How Urban Sustainability Improves the Environment
By Andrea L. Dono | From Online Only | May 20, 2009 |
A new report published by Living Cities, Inc., describes what cities have accomplished, and where they have fallen short, in seizing opportunities to address climate change. A nod toward preservation, Green Cities: How Urban Sustainability Efforts Can and Must Drive America's Climate Change Policies points out research which shows that greening existing buildings is far better than building new ones. The report even takes note of a 2008 speech by National Trust for Historic Preservation President Richard Moe in which he said "the greenest building is one that already exists." Green Cities explains that some of the most cost-effective ways to cut carbon emissions from buildings are improving insulation, lighting, air-conditioning, and water heating—all of which are building retrofit measures and not exclusive to new green buildings.
Another interesting fact is that the U.S. Green Building Council has received more than a thousand new projects for its LEED certification program for existing buildings since January 2008—this is more than twice the rate of the previous year, so green rehabs seem to be gaining momentum.
A few large cities such as Washington, D.C., and Los Angeles are leading the charge by putting money aside to fund retrofits. In L.A., the city's utility will lend the municipality money for green projects, and the city will repay the loan with the energy savings it realizes over time. Some corporations have taken advantage of Energy Service Company (ESCO) performance contracts, which allow them to retrofit buildings at discounted up-front costs, then share in the resulting energy cost savings. A limitation here is the lack of a parallel model for small business owners.
Some cities are finding that greening existing buildings is challenging because tenants need to be relocated temporarily and some projects can be expensive; however, building owners who have already "greened" their properties are finding the effort was well worth it. Not only are they saving money from lower energy bills, but prospective tenants are showing a preference for green spaces. Another upside? The report states that $1 million spent on retrofits creates between eight and 11 jobs and generates about $300,000 in taxes – which are great numbers to ponder during a recession.

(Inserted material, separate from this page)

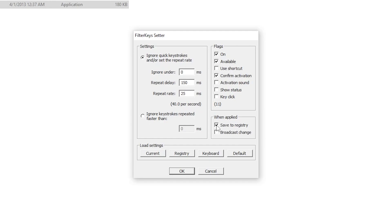Now follow these settings: set Ignore to 0ms, Repeat Delay to 150ms, and Repeat Rate to 25ms. Click OK. This software will help you get the lowest input delay from your keyboard.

The Green Cities report offers several recommendations to make retrofitting existing buildings easier in cities of any size:
- Organize: A single entity should be empowered to coordinate public and private-sector financing, marketing, and outreach to improve building performance and create jobs in the "Green Economy." A Main Street program would be well positioned to assume this leadership role.
- Fund: To pay for a significant number of green retrofits, obtain funding from public subsidies, bonding authorities, rate-based retrofit systems, or other district-level financing. Cities can use public funds to attract pools of capital from private and philanthropic institutions.
- Prepare work force: Cities, nonprofit organizations, and colleges need to take the lead in training people so they have the skill sets necessary for green jobs.
- Market and sell: Create new green messages and partners to help disseminate your message to promote energy efficiency, as well as work with others to teach the public what being green means, why it is necessary, and how to achieve it.
Living Cities, Inc., is a philanthropic, corporate, and public-sector partnership focused on community development in low-income cities.